→ **Assignment**
Extract, word for word, each line from the line holding "BlingBin Polsterbank Sitztruhe" through the end of the records. Omit every picture.

→ **Dataset content**

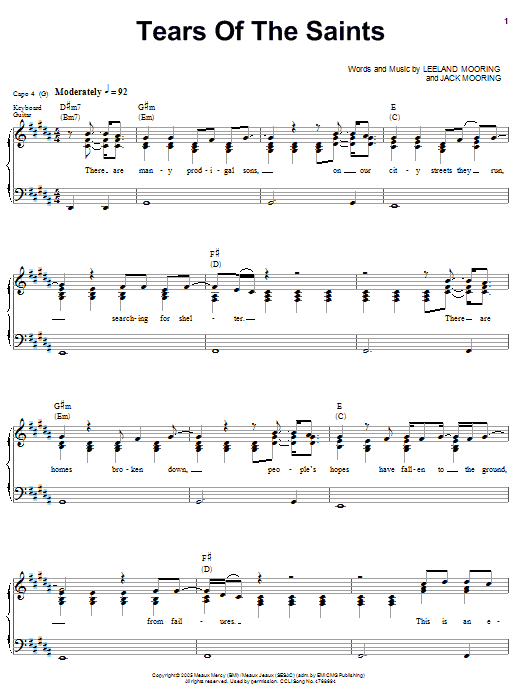 Learn to play Leeland Tears Of The Saints sheet music for Piano, Vocal & Guitar Chords (Right-Hand Melody) in minutes. Price: 7.8900$ Leeland Tears Of The Saints sheet music notes and chords arranged for Piano, Vocal & Guitar Chords (Right-Hand Melody)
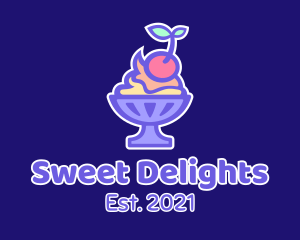 Colorful Cherry Sundae logo design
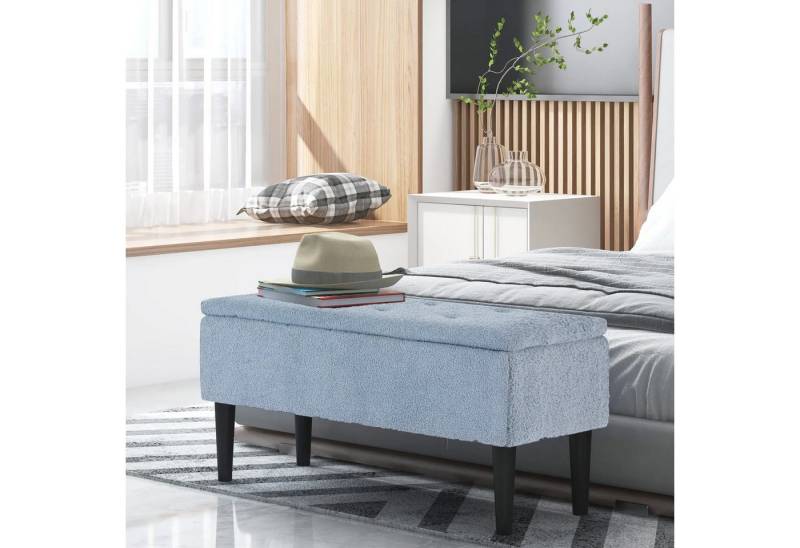 BlingBin Polsterbank Sitztruhe Sitzbank (1-St., mit Stauraum,Naturholzrahmen,bis 120 kg), Kaschmiroptik,95x38x45cm von BlingBin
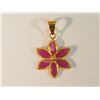 Image 1 : #47-18K YELLOW GOLD RUBY (1.5CT) FLOWER PENDANT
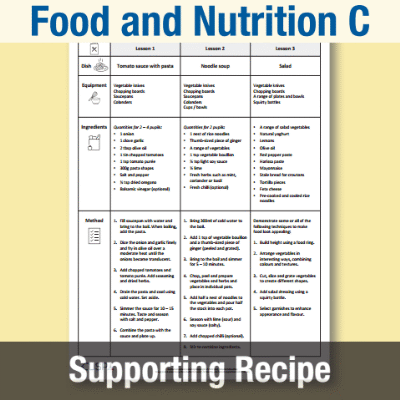 Y6 Design and Technology C (Food and Nutrition) AR2 Supporting Recipe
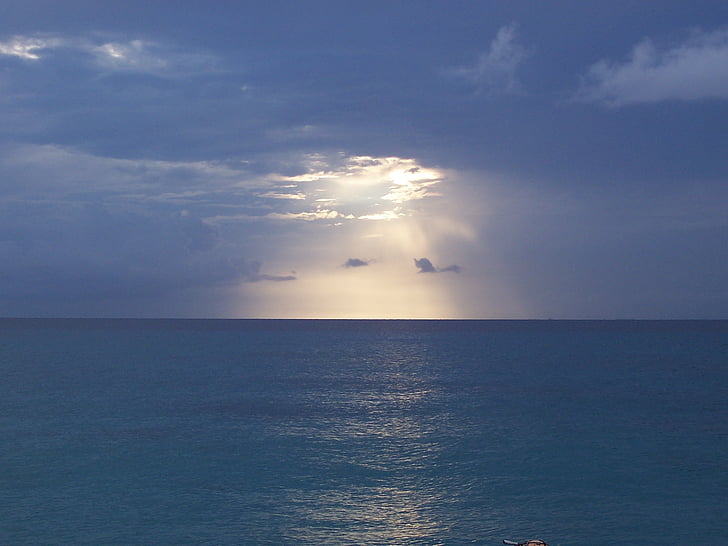 sea, sunset, marine, clouds, horizon, calm sea, nature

→ **Output for this task**
 BlingBin Polsterbank Sitztruhe Sitzbank (1-St., mit Stauraum,Naturholzrahmen,bis 120 kg), Kaschmiroptik,95x38x45cm von BlingBin
 Image 1 : #47-18K YELLOW GOLD RUBY (1.5CT) FLOWER PENDANT
 Y6 Design and Technology C (Food and Nutrition) AR2 Supporting Recipe
 sea, sunset, marine, clouds, horizon, calm sea, nature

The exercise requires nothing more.